The choice of new settlements no longer obeyed the double
condition of maintaining autonomy and independence and
at the same time allowing the periodic conjoining with
the other local groups. Against the traditional form of
spatial dispersion, political autonomy and economic independence
added to ritual collaboration and matrimonial alliances,
recent Arara history has imposed limits on the possibility
of actualizing the way in which the network of intercommunity
exchanges formerly operated.
The post-contact situation
brought with it a reality of spatial reduction, with
the consequent loss of the possibility of territorial
exploration in the traditional way, and the demographic
clustering and concentration of numerous of the former
subgroups.
There are two areas legally defined
for the Arara, with different juridical and geographical
situations: the Arara Indigenous Territory and the Cachoeira
Seca do Iriri Indigenous Territory.

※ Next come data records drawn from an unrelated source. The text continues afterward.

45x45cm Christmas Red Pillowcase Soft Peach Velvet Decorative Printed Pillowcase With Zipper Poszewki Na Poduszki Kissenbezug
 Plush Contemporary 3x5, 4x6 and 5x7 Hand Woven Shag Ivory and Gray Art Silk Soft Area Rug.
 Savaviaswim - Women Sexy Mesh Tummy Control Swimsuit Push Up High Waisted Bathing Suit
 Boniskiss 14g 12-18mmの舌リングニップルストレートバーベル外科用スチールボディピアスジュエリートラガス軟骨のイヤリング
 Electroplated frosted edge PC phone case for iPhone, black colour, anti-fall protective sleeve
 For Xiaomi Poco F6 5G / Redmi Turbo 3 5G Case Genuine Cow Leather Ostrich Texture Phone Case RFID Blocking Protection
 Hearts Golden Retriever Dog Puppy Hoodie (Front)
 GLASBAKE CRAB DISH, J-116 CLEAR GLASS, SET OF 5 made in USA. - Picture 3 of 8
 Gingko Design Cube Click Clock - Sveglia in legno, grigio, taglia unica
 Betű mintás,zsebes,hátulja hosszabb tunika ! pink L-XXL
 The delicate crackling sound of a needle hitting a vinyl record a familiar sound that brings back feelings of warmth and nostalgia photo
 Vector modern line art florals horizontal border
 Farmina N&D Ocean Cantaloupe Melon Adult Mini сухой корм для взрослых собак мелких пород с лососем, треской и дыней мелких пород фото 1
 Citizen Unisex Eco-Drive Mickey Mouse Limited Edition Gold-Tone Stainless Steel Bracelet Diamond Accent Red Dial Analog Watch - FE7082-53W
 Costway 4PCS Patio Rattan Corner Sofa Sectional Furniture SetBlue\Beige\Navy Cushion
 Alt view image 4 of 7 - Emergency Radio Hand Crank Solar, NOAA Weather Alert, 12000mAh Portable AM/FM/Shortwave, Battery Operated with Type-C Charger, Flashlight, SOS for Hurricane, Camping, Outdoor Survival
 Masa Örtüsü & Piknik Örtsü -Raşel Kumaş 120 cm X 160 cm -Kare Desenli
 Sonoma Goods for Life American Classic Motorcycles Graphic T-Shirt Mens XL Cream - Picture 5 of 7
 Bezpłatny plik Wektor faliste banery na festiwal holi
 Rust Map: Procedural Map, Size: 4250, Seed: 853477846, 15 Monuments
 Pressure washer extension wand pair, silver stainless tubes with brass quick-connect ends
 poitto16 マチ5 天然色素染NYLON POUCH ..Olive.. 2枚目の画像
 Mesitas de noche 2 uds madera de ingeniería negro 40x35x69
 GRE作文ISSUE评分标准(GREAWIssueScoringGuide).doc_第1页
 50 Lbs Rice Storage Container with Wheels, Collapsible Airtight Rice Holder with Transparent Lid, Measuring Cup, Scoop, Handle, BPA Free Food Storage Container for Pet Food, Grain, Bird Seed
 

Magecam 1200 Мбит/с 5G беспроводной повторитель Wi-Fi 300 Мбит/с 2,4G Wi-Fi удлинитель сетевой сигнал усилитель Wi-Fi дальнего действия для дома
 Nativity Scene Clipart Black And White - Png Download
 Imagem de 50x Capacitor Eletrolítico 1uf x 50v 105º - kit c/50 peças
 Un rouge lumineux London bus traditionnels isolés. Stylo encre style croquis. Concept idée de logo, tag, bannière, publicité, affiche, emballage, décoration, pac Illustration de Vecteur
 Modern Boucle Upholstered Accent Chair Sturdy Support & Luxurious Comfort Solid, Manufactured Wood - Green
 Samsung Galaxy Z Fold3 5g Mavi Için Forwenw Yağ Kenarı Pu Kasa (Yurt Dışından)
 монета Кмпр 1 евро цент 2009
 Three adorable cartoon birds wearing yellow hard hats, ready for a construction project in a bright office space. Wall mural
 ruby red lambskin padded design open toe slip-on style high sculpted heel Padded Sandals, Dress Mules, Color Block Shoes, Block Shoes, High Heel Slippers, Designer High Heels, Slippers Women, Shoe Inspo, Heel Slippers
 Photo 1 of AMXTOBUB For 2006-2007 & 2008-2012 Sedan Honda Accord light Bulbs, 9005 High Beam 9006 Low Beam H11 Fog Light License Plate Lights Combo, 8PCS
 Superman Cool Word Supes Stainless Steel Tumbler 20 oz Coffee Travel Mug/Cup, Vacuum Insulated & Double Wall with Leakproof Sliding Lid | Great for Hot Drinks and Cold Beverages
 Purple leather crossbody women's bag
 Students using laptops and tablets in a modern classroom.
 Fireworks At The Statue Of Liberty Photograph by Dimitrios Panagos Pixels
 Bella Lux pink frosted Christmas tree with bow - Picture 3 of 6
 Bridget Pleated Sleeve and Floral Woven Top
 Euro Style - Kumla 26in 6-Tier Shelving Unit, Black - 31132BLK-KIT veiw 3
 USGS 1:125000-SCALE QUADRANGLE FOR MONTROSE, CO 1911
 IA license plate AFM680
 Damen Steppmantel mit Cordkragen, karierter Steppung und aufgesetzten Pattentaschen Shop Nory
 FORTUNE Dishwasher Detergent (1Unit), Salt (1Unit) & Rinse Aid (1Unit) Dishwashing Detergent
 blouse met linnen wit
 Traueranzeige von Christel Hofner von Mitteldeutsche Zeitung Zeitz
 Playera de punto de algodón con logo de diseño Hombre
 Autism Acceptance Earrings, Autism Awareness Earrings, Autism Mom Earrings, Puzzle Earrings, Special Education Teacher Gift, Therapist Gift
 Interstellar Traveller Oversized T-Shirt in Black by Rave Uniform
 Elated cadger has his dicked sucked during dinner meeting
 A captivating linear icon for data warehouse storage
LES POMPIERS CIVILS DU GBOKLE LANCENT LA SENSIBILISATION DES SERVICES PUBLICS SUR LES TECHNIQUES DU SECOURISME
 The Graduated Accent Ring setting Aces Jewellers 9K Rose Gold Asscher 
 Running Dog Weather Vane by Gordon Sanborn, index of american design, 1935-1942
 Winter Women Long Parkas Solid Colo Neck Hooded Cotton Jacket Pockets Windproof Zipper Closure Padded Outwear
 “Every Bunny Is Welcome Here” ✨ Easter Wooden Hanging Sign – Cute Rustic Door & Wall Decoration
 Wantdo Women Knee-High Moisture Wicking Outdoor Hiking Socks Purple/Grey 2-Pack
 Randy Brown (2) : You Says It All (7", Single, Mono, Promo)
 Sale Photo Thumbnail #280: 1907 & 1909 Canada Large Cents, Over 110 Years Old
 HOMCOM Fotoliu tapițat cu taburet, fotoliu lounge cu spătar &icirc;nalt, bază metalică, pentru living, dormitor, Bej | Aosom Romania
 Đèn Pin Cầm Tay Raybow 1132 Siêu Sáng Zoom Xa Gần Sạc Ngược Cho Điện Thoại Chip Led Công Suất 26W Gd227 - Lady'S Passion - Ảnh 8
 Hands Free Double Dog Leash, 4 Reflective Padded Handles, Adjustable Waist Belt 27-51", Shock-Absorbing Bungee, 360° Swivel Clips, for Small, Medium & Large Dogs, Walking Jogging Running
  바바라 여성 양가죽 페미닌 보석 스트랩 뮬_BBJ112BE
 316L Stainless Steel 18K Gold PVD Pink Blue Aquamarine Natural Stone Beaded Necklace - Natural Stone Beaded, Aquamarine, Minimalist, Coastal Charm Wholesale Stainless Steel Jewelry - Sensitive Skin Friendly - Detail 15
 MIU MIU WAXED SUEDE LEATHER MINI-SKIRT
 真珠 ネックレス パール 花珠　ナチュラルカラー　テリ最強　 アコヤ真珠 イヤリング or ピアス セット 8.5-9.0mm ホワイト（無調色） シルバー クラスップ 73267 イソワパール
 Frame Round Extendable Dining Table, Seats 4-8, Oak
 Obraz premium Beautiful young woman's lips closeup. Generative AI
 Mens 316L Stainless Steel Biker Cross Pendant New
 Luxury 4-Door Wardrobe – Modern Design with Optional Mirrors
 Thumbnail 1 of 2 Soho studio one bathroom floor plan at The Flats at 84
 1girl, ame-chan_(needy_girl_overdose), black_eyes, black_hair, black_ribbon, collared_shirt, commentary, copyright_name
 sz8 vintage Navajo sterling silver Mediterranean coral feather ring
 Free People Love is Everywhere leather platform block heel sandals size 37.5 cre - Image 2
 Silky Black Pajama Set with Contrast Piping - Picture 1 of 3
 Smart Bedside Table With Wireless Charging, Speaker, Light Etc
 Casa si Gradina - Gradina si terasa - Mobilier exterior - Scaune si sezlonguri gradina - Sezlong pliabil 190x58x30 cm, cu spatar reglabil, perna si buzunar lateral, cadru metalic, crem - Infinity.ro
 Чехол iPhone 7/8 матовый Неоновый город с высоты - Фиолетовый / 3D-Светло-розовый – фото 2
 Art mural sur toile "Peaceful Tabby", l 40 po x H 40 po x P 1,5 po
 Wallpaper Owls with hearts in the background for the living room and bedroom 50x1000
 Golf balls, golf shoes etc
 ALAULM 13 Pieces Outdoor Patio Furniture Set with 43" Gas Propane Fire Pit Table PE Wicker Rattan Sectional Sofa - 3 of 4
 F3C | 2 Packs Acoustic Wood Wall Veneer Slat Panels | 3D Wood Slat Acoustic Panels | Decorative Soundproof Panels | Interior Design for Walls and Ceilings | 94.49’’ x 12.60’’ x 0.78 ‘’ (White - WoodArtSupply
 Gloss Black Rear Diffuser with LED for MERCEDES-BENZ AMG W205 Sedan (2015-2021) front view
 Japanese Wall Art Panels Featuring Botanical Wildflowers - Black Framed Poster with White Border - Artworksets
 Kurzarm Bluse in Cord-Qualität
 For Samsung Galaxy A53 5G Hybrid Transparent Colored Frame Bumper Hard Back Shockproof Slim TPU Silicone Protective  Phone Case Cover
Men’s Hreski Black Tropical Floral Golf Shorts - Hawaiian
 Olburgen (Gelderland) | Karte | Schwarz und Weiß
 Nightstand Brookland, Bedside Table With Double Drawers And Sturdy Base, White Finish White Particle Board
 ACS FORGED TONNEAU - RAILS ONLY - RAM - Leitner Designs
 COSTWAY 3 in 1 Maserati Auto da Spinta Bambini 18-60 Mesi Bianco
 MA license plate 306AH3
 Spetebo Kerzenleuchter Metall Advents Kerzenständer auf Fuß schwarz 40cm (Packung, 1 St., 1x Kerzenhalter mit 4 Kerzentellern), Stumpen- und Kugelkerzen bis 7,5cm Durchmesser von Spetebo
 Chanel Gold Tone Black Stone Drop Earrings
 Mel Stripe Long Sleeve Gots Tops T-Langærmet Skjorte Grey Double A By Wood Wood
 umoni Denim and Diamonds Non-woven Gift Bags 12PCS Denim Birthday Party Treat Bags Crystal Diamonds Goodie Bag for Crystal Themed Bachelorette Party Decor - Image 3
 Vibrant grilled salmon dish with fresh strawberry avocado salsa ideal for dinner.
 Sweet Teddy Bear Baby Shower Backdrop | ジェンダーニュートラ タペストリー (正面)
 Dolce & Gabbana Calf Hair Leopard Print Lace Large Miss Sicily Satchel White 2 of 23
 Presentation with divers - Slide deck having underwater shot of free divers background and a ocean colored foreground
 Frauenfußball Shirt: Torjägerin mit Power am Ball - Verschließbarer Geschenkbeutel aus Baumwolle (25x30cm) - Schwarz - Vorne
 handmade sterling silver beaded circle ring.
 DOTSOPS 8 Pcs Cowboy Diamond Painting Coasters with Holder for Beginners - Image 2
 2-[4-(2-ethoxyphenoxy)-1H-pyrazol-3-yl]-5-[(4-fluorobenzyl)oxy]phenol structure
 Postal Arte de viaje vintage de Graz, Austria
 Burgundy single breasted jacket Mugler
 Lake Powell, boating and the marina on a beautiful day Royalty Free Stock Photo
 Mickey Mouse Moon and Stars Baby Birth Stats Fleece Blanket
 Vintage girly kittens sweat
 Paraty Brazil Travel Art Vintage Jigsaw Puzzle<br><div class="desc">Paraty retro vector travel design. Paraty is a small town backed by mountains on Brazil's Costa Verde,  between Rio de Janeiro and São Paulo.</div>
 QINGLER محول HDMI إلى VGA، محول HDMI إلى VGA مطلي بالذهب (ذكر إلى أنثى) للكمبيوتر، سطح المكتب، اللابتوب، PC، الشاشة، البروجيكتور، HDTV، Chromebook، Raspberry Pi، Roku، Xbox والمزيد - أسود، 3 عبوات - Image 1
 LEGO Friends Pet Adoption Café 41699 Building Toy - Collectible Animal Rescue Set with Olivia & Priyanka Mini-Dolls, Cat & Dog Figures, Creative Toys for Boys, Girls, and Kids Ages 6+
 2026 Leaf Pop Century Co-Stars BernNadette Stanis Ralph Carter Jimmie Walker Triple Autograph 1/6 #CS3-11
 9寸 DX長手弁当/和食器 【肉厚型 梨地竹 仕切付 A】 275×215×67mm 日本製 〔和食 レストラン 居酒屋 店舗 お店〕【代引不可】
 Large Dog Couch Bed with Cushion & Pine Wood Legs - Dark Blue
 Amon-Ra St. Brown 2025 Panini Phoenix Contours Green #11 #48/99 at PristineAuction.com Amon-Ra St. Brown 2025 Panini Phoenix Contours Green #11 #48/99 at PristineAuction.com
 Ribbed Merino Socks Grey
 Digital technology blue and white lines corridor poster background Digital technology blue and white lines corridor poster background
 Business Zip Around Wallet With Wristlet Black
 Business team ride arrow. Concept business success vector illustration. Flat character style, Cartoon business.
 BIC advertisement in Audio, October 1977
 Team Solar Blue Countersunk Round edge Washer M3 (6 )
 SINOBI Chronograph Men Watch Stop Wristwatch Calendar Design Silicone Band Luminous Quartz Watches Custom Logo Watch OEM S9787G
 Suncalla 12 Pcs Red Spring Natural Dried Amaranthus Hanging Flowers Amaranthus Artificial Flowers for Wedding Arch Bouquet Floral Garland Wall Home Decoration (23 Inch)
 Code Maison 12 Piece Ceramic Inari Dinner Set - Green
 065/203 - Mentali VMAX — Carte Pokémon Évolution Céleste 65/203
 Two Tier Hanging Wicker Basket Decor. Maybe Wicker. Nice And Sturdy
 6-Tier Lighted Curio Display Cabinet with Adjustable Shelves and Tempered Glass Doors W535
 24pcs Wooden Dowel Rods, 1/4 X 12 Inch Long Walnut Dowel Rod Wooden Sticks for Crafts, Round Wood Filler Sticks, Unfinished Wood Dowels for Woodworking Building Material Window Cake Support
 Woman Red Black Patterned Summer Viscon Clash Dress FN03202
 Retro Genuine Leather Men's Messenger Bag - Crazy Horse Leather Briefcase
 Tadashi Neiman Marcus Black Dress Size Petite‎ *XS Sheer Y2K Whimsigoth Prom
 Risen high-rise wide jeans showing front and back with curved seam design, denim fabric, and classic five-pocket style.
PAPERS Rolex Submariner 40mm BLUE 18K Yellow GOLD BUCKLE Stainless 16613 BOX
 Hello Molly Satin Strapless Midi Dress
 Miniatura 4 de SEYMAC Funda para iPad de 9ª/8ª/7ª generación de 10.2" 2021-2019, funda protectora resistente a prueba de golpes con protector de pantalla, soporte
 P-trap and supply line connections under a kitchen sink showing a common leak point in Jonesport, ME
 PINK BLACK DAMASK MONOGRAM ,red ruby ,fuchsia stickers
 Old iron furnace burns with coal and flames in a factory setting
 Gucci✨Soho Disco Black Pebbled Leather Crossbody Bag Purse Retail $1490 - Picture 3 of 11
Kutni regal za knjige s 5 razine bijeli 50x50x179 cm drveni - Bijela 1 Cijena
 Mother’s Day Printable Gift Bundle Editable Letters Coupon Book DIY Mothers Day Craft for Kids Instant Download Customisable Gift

The first is associated
with the subgroups contacted between 1981 and 1983,
while the second to the subgroup finally contacted in
1987. The area to the north of the Transamazonian highway
was completely abandoned by the Indians, both as a settlement
area and as a territory for economic exploration.
All the Indians contacted between
1981 and 1983 ended up being settled in villages to
the south of the highway, initially in two different
villages and later in a single village. Nowadays, the
majority of the Arara live in a village built by FUNAI
after contact, within the Arara IT, located close to
the Laranjal creek, whose population amounts to a little
more than 100 individuals. A small portion of the population,
about two dozen people who previously also lived in
the Laranjal village, was relocated to a FUNAI surveillance
post constructed next to the Transamazonian highway,
thereby forming the nucleus of another 'residential
group.' The Arara IT has a total of 139 indigenous inhabitants.
The most distant subgroup - still
relatively isolated from the rest - is the one contacted
in 1987, living in a village near to the Cachoeira Seca
creek, on the upper Iriri river, in the Cachoeira Seca
IT. This group comprises 56 individuals, all descendants
of a single woman (who was still alive in 1994).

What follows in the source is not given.